John Osmond reports on the Welsh Government’s aspirations to make sustainable development its central organising principle
This is about as inauspicious a time that you could imagine to launch a legislative process to make sustainable development the central organising principle the way to run a government. It is not a good moment to call for limits to growth when social democratic forces across Europe, let alone in Wales, are calling for greater expansion to combat the double-dip recession.
Yet this is precisely what the Welsh Government is bravely attempting to pull off. Last week it launched its consultation document (available here) on the Sustainable Development Bill it will be introducing into the Assembly next year.
Today the IWA, together with WWF Cymru and Cynnal Cymru/Sustain Wales are publishing a book Wales’ Central Organising Principle – Legislating for Sustainable Development that explains why what the Welsh Government is trying to do is so vital. All the contributors agree that unless the world starts taking some real measures now to tackle global warming we are heading for a slow train crash.
If you remain unconvinced about this then I urge you to read a long, but forensic essay in the book by one of Wales’s leading experts on climate change impact, Professor Gareth Wyn Jones. His essay is entitled Overshooting limits: seeking a new paradigm. Certainly, it convinced me that the current widespread response to the fiscal and employment crisis in the Eurozone in the form of calls for more economic growth, describes an addiction that, if we don’t find a way of getting off it, will lead inexorably to catastrophe.
A real problem with all of this is simply getting your head round it. Although some of the most harmful impacts of climate change – such as sea water rise due to melt of the Greenland icecap, leading to flooding of Bangladesh and other low lying areas – may be only 20 or 30 years away, that could be an ice age so far as contemporary politics are concerned.
In his essay Gareth Wyn Jones includes a quotation from Raymond Williams that should spur us on:
“There is wealth only in people and in their land and seas. Uses of wealth which abandon people are so profoundly contradictory that they become a social disaster, on a par with the physical disasters which follow from reckless exploitation of land and seas.”
Another Raymond Williams quotation in the essay, which I particularly like, addresses the sense of hopelessness that so often accompanies climate change debates: “… to be truly radical is to make hope possible rather than despair convincing.” That should be a motto for the Welsh Government in its efforts to make a mark in the global requirement for measures to mitigate the impact of climate change.
We’ll get a chance to measure the Welsh Government’s determination on Friday when First Minister Carwyn Jones delivers a keynote address to a conference we are organising on Putting Wales at the heart of Rio+20 (details here). The conference examines the practical impact the forthcoming Welsh Government sustainable development legislation will have on delivering the June internatiional summit’s twin goals to:
- Promote the green economy to eradicate poverty.

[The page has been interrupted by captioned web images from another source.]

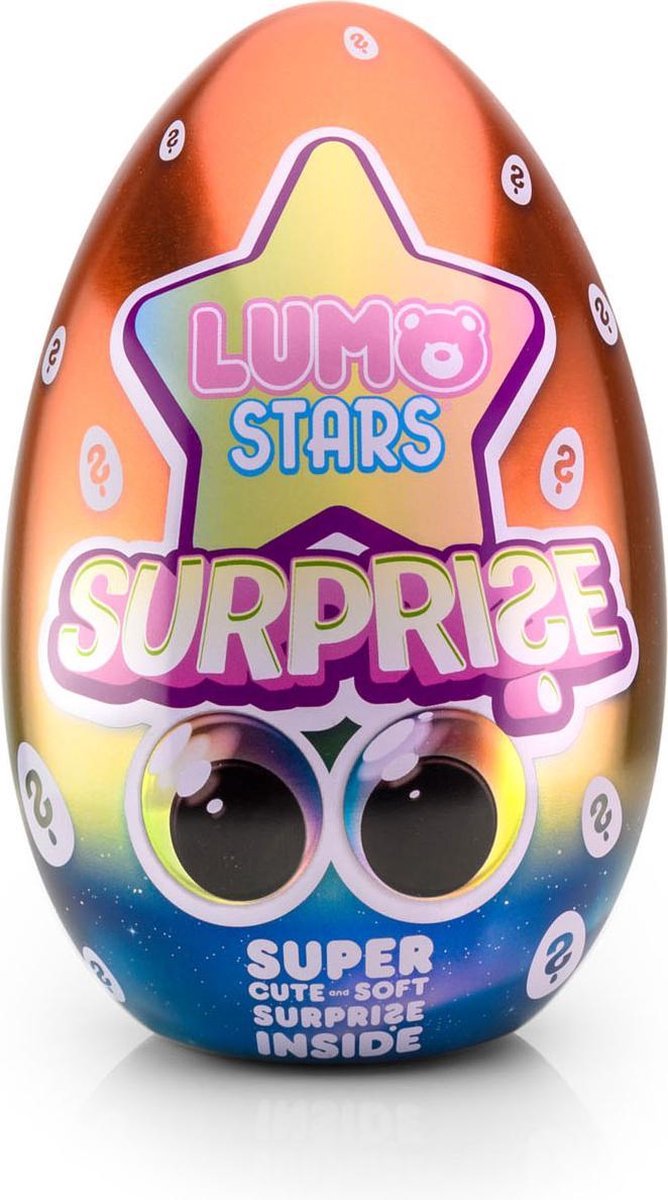 Lumo Stars Surprise Ei - Coral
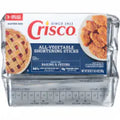 Crisco All-Vegetable Shortening Sticks 20 oz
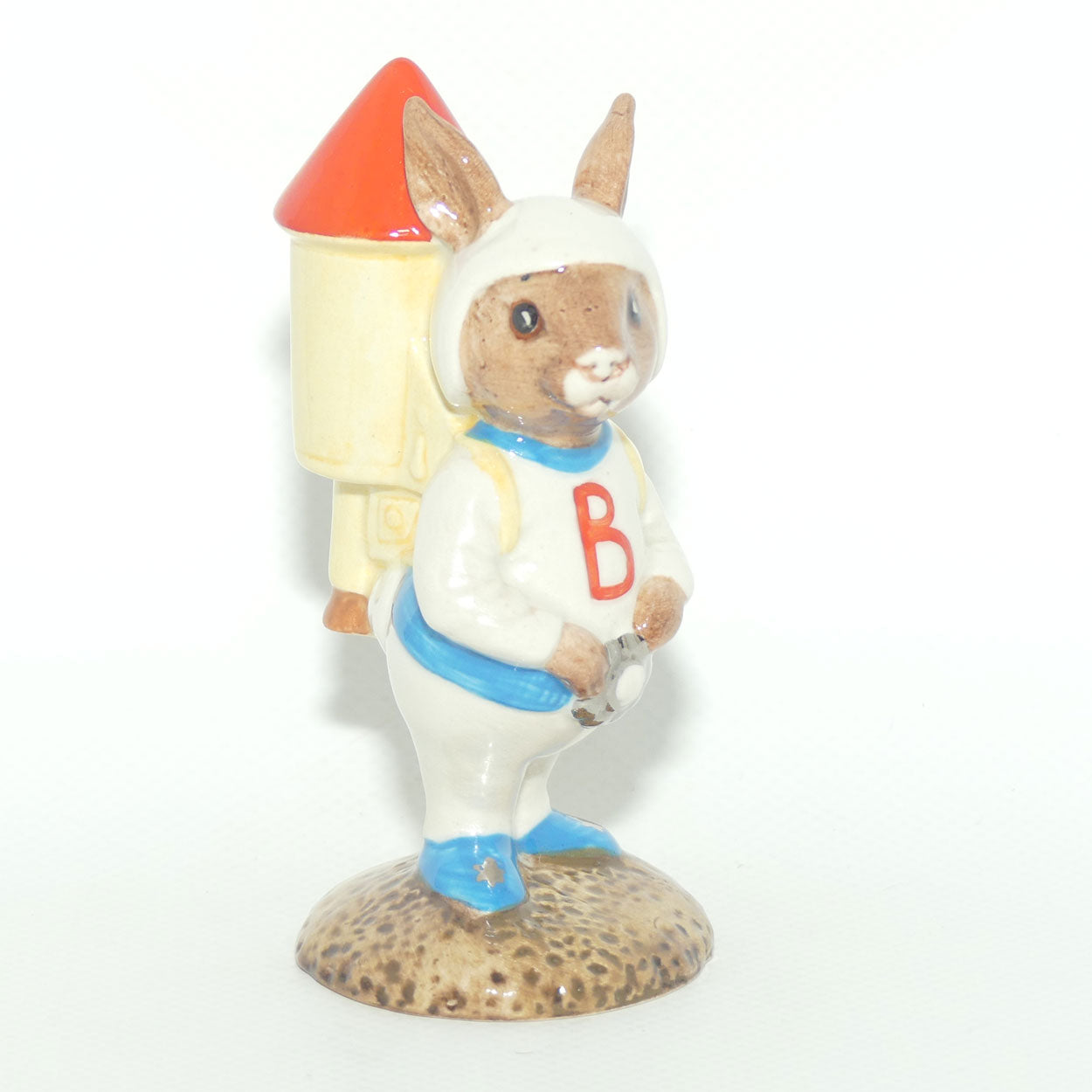 DB020 Royal Doulton Bunnykins Astro Rocket Man | BK2 | Boxed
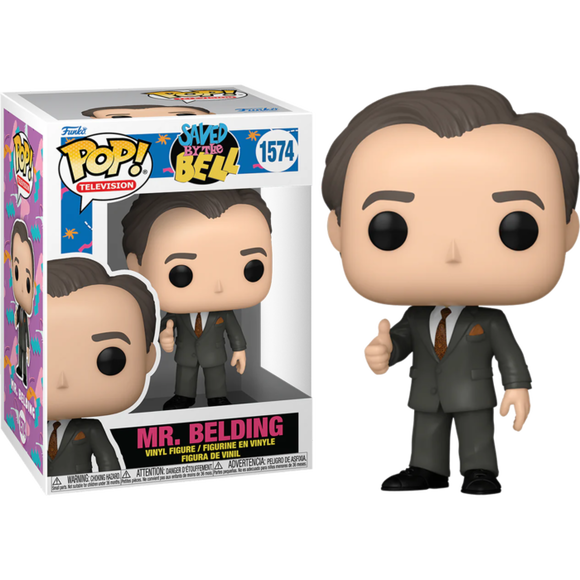 Prolectables - Saved by the Bell: 30th Annivversary - Mr. Belding Pop! Vinyl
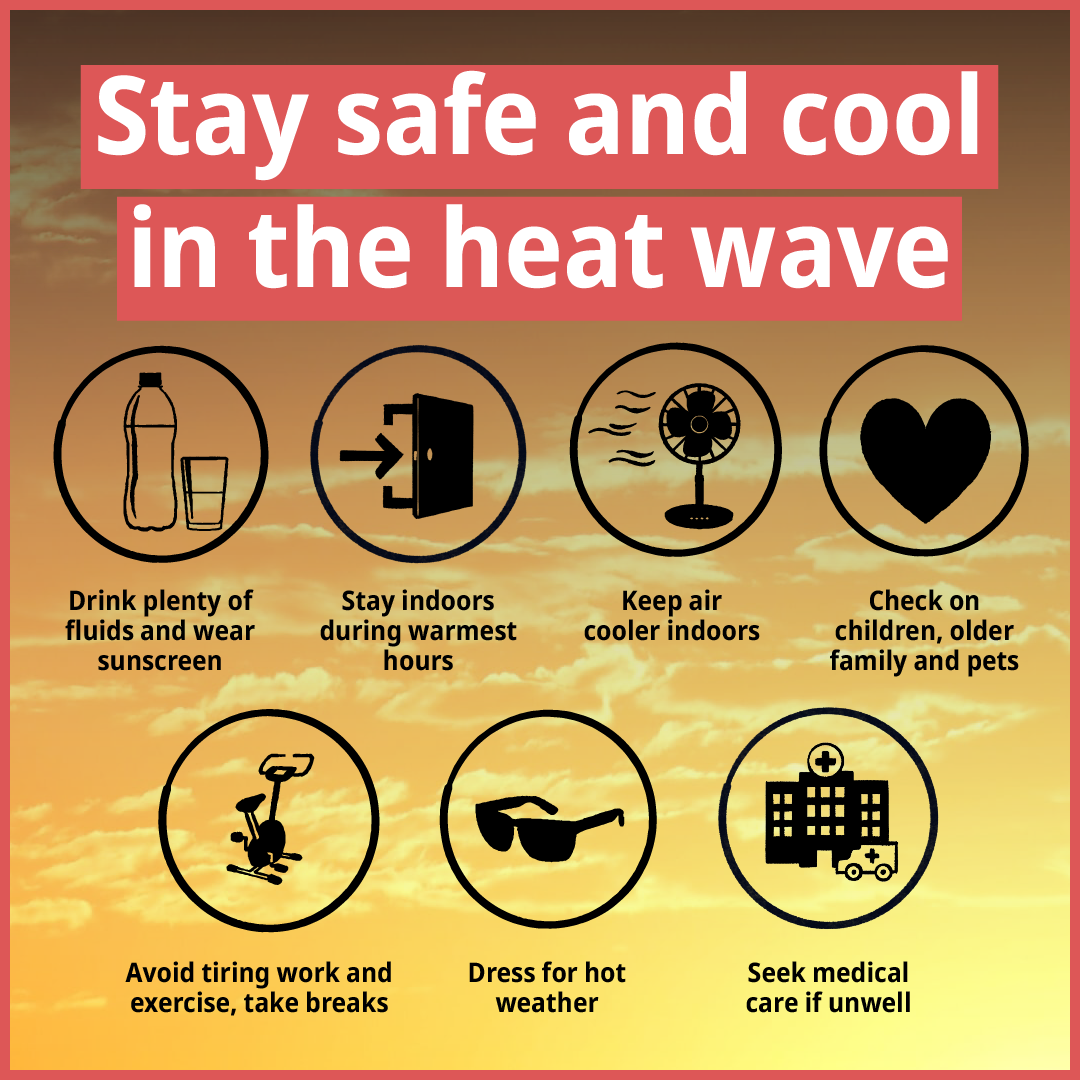 Government - A heat wave warning is in effect in many parts of BC. To ...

- Put in place institutional frameworks for delivering sustainable development.
Both themes underpin the Welsh Government’s efforts in making sustainable development the central organising principle in its policy development and delivery. The challenge for Carwyn Jones will be to explain what practical contribution he thinks Wales can make when last week’s consultation document was so cautious in its approach. For instance, in describing how a duty in the legislation “to compel organisations delivering public services to act consistently with sustainable development”, the document offers this get out clause (paragraph 74):
“We want to ensure that organisations can be held to account for their performance, but we wish to avoid a system that places unreasonable expectations on decision makers.”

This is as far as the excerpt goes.